I hope to run these sessions in another school in January, so it will be interesting to see if I get similar results. In the mean time I have enough information to begin writing up my findings. Here’s hoping I can articulate what I’ve done in such a way as to yield marks. I fear a discrepancy between the amount of effort I’ve put into this and the nature of the marking scheme which will define my overall grade.

This evening I finally published the gesture recording and recognition project I’ve been working on. With the help of the Kinect community, especially a member who goes by the name of Rhemyst, we have produced a library which introduces developers to vector-based gesture recognition.

May of the approaches I’ve seen elsewhere use specific positional tracking to recognising gestures – i.e. tracking a hand and matching its movement profile against a series of coordinates or something. This is great, of course, and can actually offer very good recognition. But the Dynamic Time Warping approach is more flexible in that it can be very easily programmed by a novice. It’s great for rapid prototying and, with the help of the community, I hope this can grow into a production-capable recognition engine. It’s not quite there yet, though…

So what are you waiting for? Grab a copy of the first release of KinectDTW from Codeplex now!

Please share your recorded gestures and recognition parameters with the community so that we can all learn and benefit from your experience!
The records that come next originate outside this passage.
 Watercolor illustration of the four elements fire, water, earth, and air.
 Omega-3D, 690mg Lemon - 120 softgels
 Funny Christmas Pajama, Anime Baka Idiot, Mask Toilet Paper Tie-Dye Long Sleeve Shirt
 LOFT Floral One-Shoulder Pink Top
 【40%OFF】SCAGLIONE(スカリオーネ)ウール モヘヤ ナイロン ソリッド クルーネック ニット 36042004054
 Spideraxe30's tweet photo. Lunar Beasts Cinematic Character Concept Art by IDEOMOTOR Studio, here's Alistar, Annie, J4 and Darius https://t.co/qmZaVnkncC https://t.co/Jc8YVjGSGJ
Another little piece of the jigsaw: controlling a WPF ScrollViewer (with added animated easing wizardry) using swipe gestures. Freakin’ yah!

Yeah, one of those.

The trouble with the standard WPF ScrollViewer is that it doesn’t scroll very nicely. Firstly it snaps to the extremities of its components (i.e. to the edges of images) making smooth scrolling impossible. Secondly it doesn’t support .NET’s reasonably powerful animation effects. I sorted this by making my own animation mediator for a ScrollViewer, enabling all that stuff I just mentioned. Here’s a demo:

The intention is to hook this up to the Kinect gesture recogniser so that natural interactions (i.e. swipe gestures) can have a ‘natural’ effect on a menu system. Because, really, if you perform a swipe action on an object you don’t expect it to move uniformly and snap to unnatural positions; instead you would expect it to have inertia, to decelerate, and to rest in a natural position (i.e. a function of how hard you ‘pushed’ it). This WPF extension achieves that.

Today I made a touch and hold style menu system for my Celestia project. It works by tracking a player’s hands, comparing where and for how long they are ‘hovered’, and if a certain time target is reached an event is fired.
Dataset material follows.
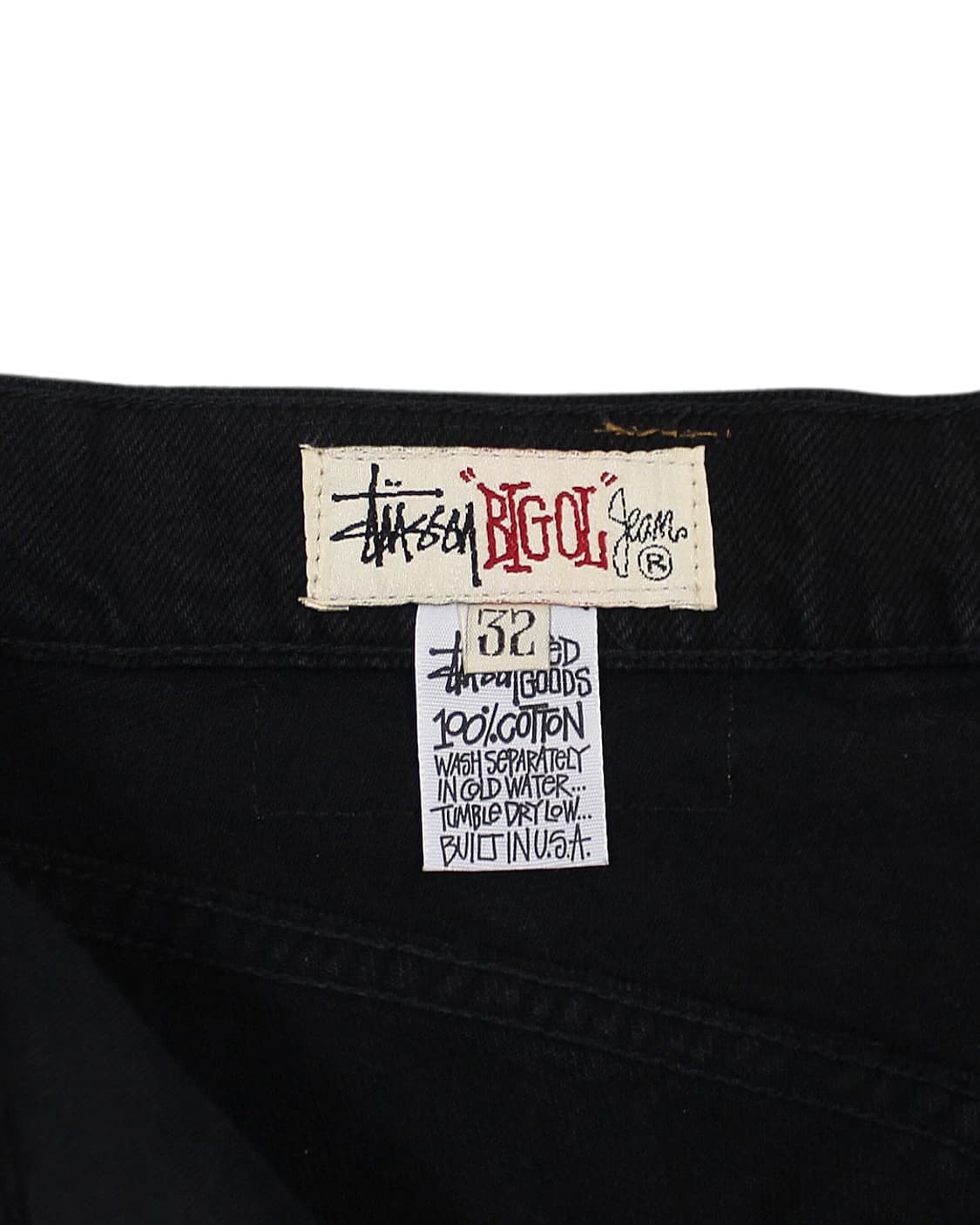 1990s USA 올드 스투시 빅올진 블랙 데님 팬츠 빈티지 미국제 상품이미지4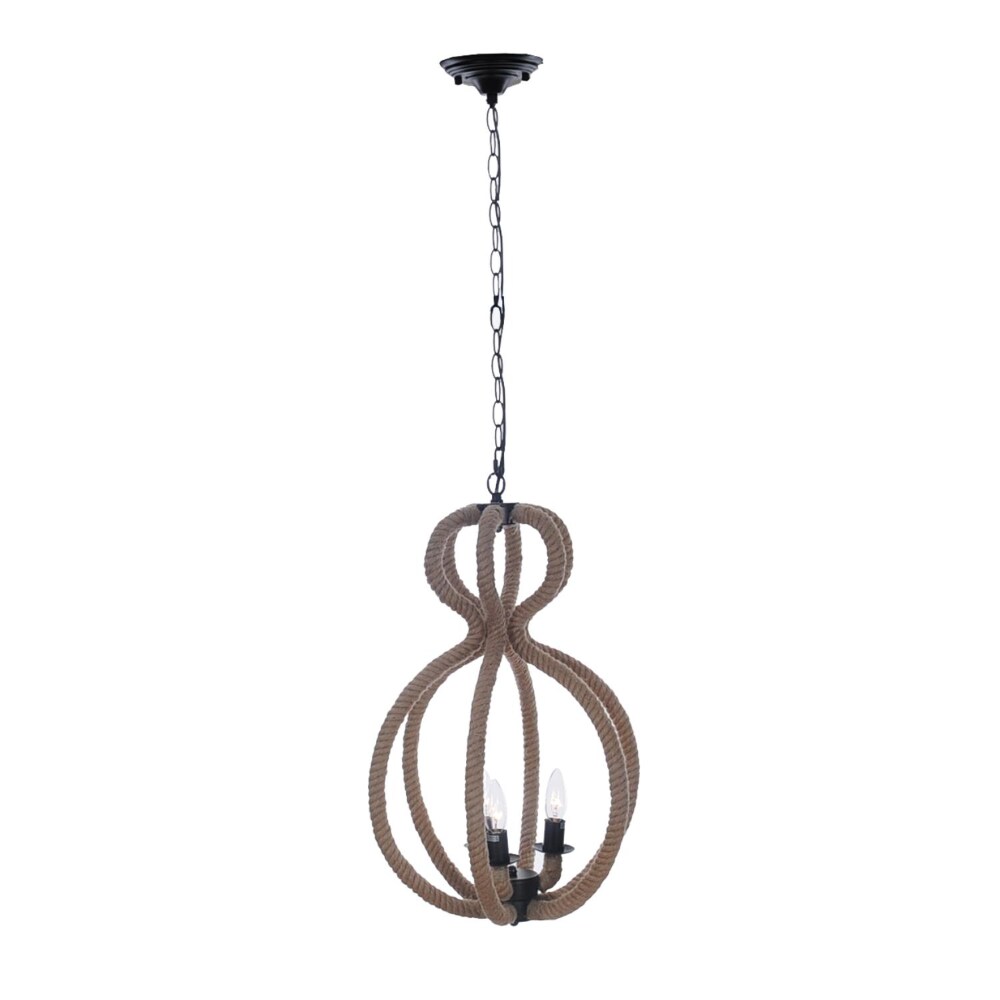 Beige and Black Iron and Rope Ceiling Light Beige and Black Iron and Rope Ceiling Light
The tricky part is to make this modular so that many different menus can be created without reinventing stuff. Currently this only works for rectangular areas but I will enhance this to cater for circles and irregular shapes soon.
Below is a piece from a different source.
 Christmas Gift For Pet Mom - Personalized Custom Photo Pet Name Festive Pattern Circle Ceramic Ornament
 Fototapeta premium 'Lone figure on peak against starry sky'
An interesting thing I had to consider here is that the active area around a player must be scaled in such a way that all menu items can be reached without stretching, but is small enough that items aren’t triggered by accident. I think this will mainly be trial and error, and I may not have time to change the scaling based on how far away from the camera the player stands.

So now I have voice controls and touch menus from Microsoft’s SDK and full-body gesture controls from NITE. I have to decide whether to re-create the NITE stuff in the Kinect SDK, wait for someoe else to make a library of gesture controls in the SDK or to use an SDK->NITE binding (which doesn’t even exist yet). For now, though, I think I’ll go to bed.